Dormi no hotel Baba Taher, considerado o mais caro da cidade. A decoração é aquela coisa meio demais, cheia de mosaicos de espelhos, mas as instalações e a localização são boas. Paguei 70 USD por um quarto de casal.

 

Como chegar

Eu estava de carro próprio, mas o Lonely Planet diz que existem ônibus e voos regulares para a cidade.

 

Onde ir

Como você percebeu no texto acima, eu só fui na sinagoga, então não posso indicar nada além dela.
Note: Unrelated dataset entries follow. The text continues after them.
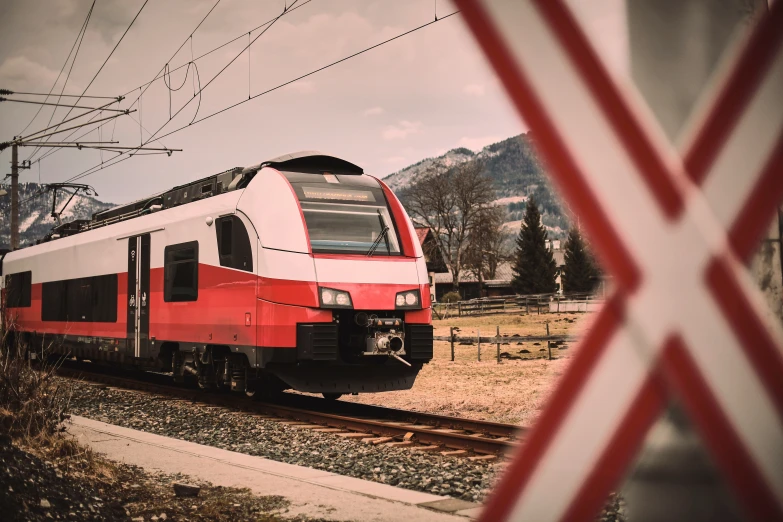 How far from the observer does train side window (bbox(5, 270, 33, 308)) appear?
2328cm

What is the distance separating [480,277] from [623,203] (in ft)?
220

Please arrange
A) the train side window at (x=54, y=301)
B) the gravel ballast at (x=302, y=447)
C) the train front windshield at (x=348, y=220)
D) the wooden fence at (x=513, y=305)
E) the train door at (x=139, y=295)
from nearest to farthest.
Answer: the gravel ballast at (x=302, y=447)
the train front windshield at (x=348, y=220)
the train door at (x=139, y=295)
the train side window at (x=54, y=301)
the wooden fence at (x=513, y=305)

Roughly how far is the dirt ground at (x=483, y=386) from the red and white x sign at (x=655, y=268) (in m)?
6.77

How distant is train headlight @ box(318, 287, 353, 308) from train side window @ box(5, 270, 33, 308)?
15054 mm

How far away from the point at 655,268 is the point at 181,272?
13.2 meters

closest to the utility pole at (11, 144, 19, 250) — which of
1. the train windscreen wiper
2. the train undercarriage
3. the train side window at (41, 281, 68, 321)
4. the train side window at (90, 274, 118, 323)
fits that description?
the train side window at (41, 281, 68, 321)

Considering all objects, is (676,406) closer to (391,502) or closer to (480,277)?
(391,502)

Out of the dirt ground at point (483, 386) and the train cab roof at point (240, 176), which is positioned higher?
the train cab roof at point (240, 176)

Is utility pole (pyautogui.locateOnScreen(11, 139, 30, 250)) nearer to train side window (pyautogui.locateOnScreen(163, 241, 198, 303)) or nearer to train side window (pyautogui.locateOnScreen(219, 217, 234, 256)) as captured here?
train side window (pyautogui.locateOnScreen(163, 241, 198, 303))

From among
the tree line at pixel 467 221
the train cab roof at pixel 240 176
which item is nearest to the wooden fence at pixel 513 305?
the tree line at pixel 467 221

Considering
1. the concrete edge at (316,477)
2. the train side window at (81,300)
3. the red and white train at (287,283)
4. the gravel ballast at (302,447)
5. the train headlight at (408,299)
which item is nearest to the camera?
the concrete edge at (316,477)

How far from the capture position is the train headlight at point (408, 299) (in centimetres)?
1189

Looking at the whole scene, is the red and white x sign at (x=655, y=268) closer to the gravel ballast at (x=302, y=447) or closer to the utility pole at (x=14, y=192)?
the gravel ballast at (x=302, y=447)

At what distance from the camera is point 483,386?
16.7 meters
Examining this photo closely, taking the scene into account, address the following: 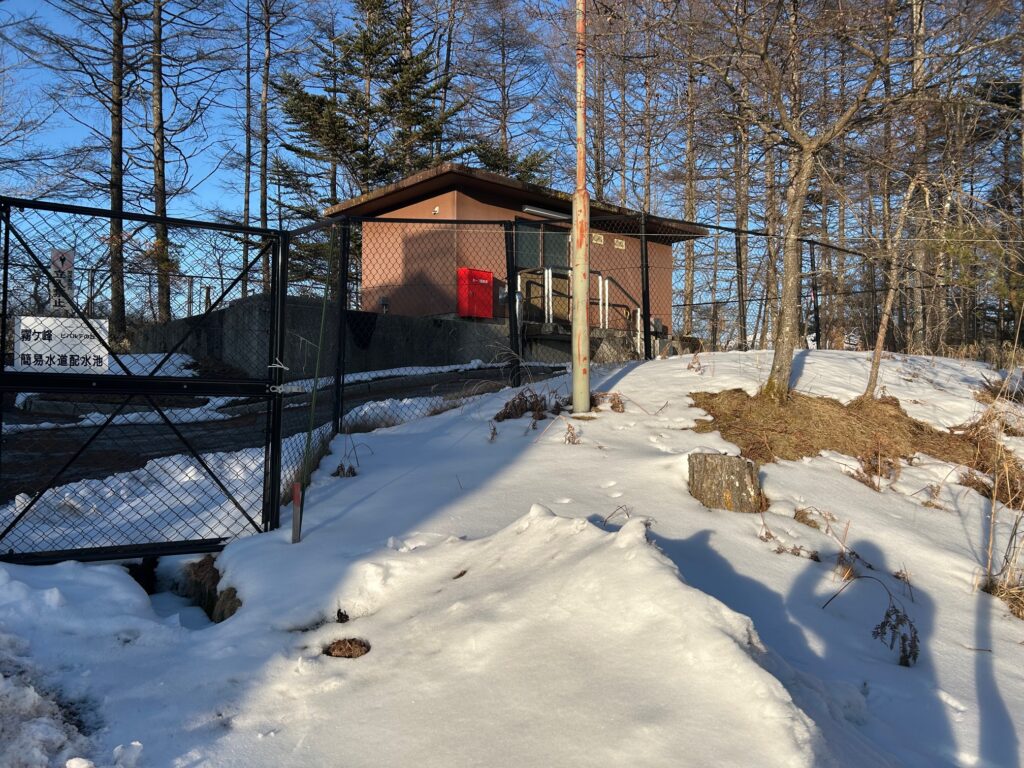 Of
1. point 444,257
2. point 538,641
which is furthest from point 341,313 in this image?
point 444,257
Mas o Lonely Planet aponta outras atrações que não me chamaram a atenção, é óbvio, mas talvez chamem a sua.

Independente do que você decidir, sugiro boas caminhadas pela parte antiga da cidade. Eu gostei muito do clima.

 

Melhor época para ir

Estive lá num dia 28 de outubro, quase metade do outono, e fazia um friozinho bom. Dizem que a cidade é ótima no verão (tanto que virou a capital persa da estação) e congelante no inverno, entre novembro e março. Espere bastante neve se você for nessa época.

 

Como se locomover

Dentro da cidade: de táxi ou a pé. Nem se preocupe com ônibus ou qualquer outro meio de transporte. O táxi é tão barato que você fica constrangido.

Ao redor da cidade: converse com o pessoal do seu hotel, mas acredito que o melhor é táxi mesmo.

 

Onde comer

Só comi no hotel Baba Taher, então não tenho dicas para dar. Desculpe.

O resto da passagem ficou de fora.